### Requirement:
The lines below starting at the line containing "Con la Simultaneidad" and ending at the line containing "市场行情_房地产销售市场分析_1月第四周经济数据" are to be repeated exactly, with both ends kept and nothing else added.

Caption-style text data
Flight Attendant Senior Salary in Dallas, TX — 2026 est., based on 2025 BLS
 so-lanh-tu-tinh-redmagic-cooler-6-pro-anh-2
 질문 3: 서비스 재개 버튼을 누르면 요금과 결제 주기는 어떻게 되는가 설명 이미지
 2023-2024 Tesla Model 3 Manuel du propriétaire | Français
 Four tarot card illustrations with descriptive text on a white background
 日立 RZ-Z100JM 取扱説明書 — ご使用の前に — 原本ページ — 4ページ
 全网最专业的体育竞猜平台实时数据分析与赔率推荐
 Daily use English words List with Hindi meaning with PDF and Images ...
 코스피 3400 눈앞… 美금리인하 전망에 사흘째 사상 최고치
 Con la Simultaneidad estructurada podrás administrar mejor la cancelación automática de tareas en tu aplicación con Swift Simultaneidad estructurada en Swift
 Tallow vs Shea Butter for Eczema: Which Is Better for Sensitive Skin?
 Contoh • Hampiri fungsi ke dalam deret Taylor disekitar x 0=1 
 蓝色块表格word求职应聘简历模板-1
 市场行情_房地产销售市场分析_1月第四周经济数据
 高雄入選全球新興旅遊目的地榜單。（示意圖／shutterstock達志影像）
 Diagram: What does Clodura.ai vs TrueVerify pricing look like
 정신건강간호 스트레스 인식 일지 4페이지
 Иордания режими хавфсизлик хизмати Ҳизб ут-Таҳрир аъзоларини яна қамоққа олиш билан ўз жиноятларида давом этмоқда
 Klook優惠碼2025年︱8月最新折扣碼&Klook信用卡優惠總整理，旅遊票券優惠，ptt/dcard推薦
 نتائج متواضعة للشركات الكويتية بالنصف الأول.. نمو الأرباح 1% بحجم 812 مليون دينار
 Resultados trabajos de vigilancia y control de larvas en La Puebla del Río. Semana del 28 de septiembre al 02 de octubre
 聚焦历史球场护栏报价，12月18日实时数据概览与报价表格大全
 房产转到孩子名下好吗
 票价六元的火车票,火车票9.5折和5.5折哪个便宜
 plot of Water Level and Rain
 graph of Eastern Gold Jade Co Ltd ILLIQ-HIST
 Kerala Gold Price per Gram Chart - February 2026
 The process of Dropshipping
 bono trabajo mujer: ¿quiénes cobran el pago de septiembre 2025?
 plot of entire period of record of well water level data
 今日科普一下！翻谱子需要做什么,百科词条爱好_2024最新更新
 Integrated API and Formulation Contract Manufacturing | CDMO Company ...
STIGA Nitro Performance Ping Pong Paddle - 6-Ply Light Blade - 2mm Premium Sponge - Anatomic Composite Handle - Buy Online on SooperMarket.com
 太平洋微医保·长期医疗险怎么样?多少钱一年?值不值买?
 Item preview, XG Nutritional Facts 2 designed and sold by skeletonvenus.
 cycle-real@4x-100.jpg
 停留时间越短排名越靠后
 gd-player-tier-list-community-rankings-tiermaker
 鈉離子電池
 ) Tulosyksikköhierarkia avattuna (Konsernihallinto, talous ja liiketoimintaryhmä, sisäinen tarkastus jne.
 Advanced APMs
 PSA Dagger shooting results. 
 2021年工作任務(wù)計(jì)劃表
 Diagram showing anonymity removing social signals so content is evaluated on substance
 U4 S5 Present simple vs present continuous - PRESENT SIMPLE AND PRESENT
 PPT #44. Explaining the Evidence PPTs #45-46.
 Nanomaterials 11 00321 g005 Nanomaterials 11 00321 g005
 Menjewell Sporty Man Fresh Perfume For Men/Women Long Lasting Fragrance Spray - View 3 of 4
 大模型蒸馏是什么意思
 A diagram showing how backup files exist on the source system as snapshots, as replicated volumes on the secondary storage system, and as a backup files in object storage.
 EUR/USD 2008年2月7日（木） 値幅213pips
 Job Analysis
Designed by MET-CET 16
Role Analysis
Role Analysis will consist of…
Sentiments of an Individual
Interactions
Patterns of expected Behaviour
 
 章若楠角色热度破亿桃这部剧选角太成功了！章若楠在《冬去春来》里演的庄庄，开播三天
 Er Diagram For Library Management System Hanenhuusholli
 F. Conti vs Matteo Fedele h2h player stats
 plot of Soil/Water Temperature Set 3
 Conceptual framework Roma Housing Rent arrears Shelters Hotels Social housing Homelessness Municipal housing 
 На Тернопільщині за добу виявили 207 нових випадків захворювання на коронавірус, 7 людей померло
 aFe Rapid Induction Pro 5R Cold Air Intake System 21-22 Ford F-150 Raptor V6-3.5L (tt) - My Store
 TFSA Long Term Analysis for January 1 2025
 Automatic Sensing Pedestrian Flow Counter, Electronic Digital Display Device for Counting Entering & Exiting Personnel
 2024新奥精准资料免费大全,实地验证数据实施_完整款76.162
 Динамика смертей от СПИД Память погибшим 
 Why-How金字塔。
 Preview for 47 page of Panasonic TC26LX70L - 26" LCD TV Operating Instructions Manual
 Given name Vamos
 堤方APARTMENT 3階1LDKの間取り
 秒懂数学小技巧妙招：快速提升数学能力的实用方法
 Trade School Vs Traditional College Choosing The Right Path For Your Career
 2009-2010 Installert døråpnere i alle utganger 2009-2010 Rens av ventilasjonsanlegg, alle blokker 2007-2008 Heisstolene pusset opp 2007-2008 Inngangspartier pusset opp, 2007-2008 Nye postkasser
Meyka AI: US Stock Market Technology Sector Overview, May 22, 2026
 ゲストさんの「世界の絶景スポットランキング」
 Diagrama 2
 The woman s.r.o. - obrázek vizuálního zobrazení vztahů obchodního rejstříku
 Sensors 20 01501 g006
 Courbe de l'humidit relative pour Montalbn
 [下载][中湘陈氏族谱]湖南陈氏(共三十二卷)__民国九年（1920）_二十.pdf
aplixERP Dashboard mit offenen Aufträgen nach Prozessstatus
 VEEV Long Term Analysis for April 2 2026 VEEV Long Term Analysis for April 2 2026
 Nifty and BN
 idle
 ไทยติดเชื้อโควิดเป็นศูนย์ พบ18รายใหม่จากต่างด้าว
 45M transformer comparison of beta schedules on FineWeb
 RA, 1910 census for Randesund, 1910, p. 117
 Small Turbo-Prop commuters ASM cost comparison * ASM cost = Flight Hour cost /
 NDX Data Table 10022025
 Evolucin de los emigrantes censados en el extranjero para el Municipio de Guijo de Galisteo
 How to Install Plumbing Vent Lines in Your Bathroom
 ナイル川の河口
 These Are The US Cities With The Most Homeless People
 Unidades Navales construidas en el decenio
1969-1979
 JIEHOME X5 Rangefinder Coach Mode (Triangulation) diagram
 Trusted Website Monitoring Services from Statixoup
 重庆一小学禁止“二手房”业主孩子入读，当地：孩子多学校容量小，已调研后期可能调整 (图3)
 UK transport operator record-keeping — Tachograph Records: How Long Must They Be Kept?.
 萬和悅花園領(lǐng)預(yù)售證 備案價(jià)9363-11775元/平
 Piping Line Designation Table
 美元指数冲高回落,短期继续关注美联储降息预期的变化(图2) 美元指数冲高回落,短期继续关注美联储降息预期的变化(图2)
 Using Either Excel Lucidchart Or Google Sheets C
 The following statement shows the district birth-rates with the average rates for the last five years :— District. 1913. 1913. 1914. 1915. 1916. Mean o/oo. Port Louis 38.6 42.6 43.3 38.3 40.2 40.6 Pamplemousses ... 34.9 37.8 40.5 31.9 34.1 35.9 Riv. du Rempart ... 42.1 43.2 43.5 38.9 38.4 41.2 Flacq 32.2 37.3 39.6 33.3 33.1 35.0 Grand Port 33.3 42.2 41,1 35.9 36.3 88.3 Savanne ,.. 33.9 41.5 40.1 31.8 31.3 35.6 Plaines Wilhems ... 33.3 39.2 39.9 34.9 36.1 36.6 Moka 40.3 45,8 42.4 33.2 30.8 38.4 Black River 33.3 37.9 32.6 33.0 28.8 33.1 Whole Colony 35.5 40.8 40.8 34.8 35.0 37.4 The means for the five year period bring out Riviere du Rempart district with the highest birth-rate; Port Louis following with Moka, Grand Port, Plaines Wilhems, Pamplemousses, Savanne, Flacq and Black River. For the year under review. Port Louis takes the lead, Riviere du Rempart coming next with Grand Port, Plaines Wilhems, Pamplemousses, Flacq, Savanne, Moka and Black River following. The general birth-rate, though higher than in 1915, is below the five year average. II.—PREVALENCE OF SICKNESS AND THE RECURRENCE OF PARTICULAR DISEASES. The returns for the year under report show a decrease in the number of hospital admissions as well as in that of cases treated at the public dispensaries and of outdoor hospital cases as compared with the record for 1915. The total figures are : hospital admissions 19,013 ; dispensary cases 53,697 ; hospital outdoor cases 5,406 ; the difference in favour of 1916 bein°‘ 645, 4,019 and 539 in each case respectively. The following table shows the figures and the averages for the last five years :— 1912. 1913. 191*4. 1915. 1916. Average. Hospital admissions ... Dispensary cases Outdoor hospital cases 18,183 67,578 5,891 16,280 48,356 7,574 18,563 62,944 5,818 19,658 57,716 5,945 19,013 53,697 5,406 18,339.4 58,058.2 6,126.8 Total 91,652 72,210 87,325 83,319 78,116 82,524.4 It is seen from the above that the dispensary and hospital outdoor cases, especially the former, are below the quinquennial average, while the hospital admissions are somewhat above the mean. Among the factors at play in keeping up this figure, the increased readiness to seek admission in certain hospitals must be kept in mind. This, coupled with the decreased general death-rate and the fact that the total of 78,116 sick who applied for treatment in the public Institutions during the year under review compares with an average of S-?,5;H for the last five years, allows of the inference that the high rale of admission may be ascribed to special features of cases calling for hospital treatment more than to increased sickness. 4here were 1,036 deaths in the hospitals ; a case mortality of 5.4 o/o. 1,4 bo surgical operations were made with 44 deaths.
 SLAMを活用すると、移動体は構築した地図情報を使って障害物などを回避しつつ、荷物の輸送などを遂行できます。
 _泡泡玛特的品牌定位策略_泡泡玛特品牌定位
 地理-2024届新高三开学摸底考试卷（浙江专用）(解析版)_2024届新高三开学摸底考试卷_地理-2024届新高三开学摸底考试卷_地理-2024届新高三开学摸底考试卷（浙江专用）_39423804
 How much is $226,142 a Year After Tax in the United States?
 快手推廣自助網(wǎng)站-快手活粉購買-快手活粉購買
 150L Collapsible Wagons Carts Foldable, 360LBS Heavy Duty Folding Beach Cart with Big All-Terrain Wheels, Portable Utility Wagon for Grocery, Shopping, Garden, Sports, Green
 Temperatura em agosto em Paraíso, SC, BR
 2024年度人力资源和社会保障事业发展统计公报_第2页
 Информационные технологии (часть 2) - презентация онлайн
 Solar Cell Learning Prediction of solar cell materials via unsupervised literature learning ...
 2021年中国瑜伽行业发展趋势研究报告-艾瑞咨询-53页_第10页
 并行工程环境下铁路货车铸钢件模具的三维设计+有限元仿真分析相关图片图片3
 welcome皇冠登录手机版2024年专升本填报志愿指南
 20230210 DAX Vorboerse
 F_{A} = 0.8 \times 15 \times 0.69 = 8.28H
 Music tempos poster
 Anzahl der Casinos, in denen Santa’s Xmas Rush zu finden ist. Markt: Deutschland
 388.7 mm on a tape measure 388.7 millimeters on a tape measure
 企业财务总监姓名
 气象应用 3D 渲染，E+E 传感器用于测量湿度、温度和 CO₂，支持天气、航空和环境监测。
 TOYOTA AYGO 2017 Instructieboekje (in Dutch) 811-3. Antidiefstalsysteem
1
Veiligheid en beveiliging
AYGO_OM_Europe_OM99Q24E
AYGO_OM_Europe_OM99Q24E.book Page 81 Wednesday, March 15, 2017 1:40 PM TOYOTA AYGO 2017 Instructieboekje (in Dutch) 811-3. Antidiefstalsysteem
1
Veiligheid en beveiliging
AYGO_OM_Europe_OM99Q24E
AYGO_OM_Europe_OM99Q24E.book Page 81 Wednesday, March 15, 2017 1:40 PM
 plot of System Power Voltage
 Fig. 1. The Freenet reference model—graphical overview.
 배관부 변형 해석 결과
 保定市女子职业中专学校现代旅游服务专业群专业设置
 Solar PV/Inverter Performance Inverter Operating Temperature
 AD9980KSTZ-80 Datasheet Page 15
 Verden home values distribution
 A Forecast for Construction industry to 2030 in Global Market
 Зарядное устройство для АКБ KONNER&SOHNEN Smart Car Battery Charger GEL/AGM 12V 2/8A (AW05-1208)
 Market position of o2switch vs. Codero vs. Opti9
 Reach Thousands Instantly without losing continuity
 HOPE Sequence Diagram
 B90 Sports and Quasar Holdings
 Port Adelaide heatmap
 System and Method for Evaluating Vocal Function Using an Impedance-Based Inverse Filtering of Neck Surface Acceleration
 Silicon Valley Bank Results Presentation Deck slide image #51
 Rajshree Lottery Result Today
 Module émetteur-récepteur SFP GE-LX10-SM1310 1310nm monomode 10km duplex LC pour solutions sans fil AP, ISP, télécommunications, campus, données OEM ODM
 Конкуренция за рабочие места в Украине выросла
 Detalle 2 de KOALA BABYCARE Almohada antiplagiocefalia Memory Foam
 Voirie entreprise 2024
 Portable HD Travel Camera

### Exercise output:
 Con la Simultaneidad estructurada podrás administrar mejor la cancelación automática de tareas en tu aplicación con Swift Simultaneidad estructurada en Swift
 Tallow vs Shea Butter for Eczema: Which Is Better for Sensitive Skin?
 Contoh • Hampiri fungsi ke dalam deret Taylor disekitar x 0=1 
 蓝色块表格word求职应聘简历模板-1
 市场行情_房地产销售市场分析_1月第四周经济数据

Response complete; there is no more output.